Todo el mundo sabe que no hay mal que no cure (o alivie, al menos) una buena juerga con mucho baile de por medio. ¿Qué fiesta sería necesaria para superar cientos de años de esclavitud, opresión y humillación? Imaginen, en la medida de lo posible, que desde la más tierna infancia les han inculcado el odio a su piel, que durante generaciones les han contado que la suya es una cultura de bárbaros o, incluso, que ni siquiera es cultura. Imaginen que en su sangre hierve la furia de generaciones de esclavos despojados de todo y que la única propiedad que se trajeron sus antepasados de África, de donde salieron con lo puesto, son precisamente esas formas culturales despreciadas (y temidas) por los blancos: prácticas (leyendas, danzas, cánticos, música de tambores) entre las que se encuentran las tradiciones neoafricanas de magia negra en Jamaica —el denominado obeah— y la pocomania, un culto afroprotestante que incita la exaltación espiritual a través de la música y la danza. Con estos elementos, no vamos mal encaminados si intuimos que esa farra bailonga de la que hablábamos constituye también un gigantesco exorcismo, un ritual de autoestima que celebra la identidad propia y purga el maleficio sufrido.

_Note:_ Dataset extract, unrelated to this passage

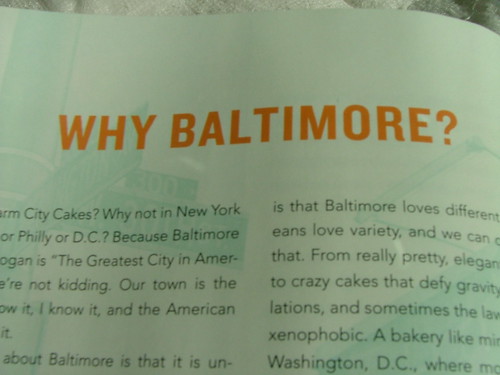 why baltimore?
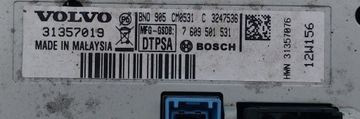 DISPLEJ AUTORÁDIO VOLVO V70 31357019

Ahora que tenemos un poco más claro que lo que buscamos es una especie de parranda-aquelarre colectivo, nos falta un sitio donde ponerlo en práctica, un altar. Y aquí es donde entran en escena los sound systems, una invención de los negros pobres de Kingston que, desde los años cincuenta,3 retoma esa larga herencia de música y baile, regocijo espiritual y trance comunitario, y la sublima en la forma cultural por excelencia de los guetos jamaicanos. Un pequeño inciso (perdónenme los entendidos): el término sound system se refiere, en sentido estricto, a un equipo de música con una potencia brutal de amplificación y al grupo de personas a cargo del mismo; el espacio físico en el que se instala y emite su música un sound system generalmente un terreno vallado al aire libre (lo que contribuye a que el sonido viaje mucho más allá del recinto) es el dancehall, que podría traducirse como «local de baile» o «pista de baile». En este prólogo, al hablar de sound systems nos referimos al concepto amplio del mismo, es decir, el lugar de encuentro y baile.
 

Podríamos describir los sound systems —el núcleo en torno al que gravita toda la historia de la música moderna jamaicana como «discotecas móviles», pero el término se queda muy corto. El sound system era, como dice Bradley, «el latido de la comunidad (…) una animada agencia de contactos, un desfile de moda, un punto de intercambio de información, un lugar donde verificar el estatus callejero, un foro político, un centro de comercio (…) el periódico del gueto». Los sound systems constituían una plaza, un espacio de reunión y celebración de la comunidad, un rito colectivo a través del baile y el poder sanador del sonido.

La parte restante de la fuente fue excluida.